__Aim of the task__.
The required output is the lines from the one with "Red and Clear" through the end of the data, repeated verbatim, with no pictures included.

__Input data__.
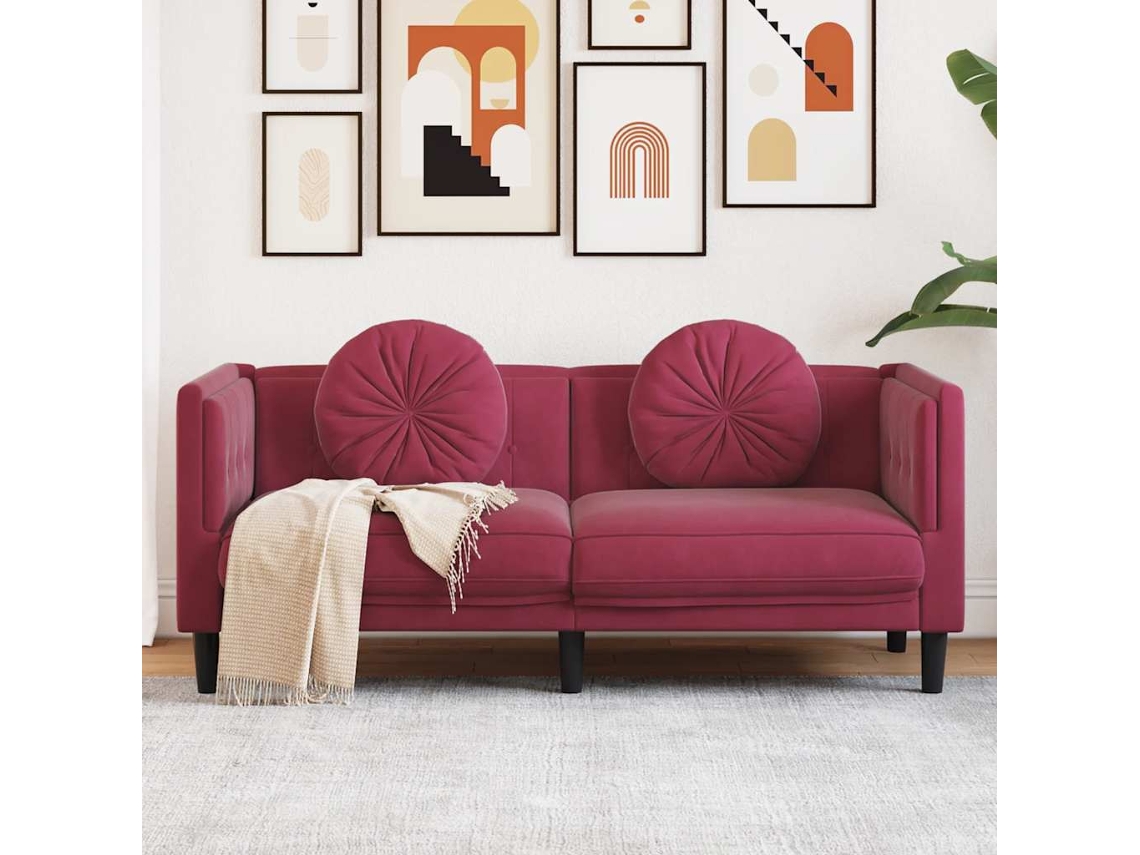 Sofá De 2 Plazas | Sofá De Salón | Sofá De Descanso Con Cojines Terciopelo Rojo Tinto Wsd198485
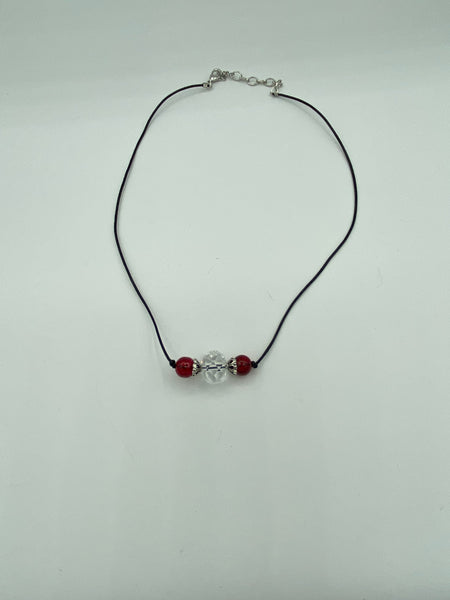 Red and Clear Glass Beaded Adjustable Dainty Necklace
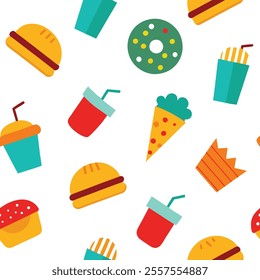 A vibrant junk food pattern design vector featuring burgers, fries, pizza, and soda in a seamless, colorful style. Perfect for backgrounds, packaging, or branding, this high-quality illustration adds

__Problem solution__.
 Red and Clear Glass Beaded Adjustable Dainty Necklace
 A vibrant junk food pattern design vector featuring burgers, fries, pizza, and soda in a seamless, colorful style. Perfect for backgrounds, packaging, or branding, this high-quality illustration adds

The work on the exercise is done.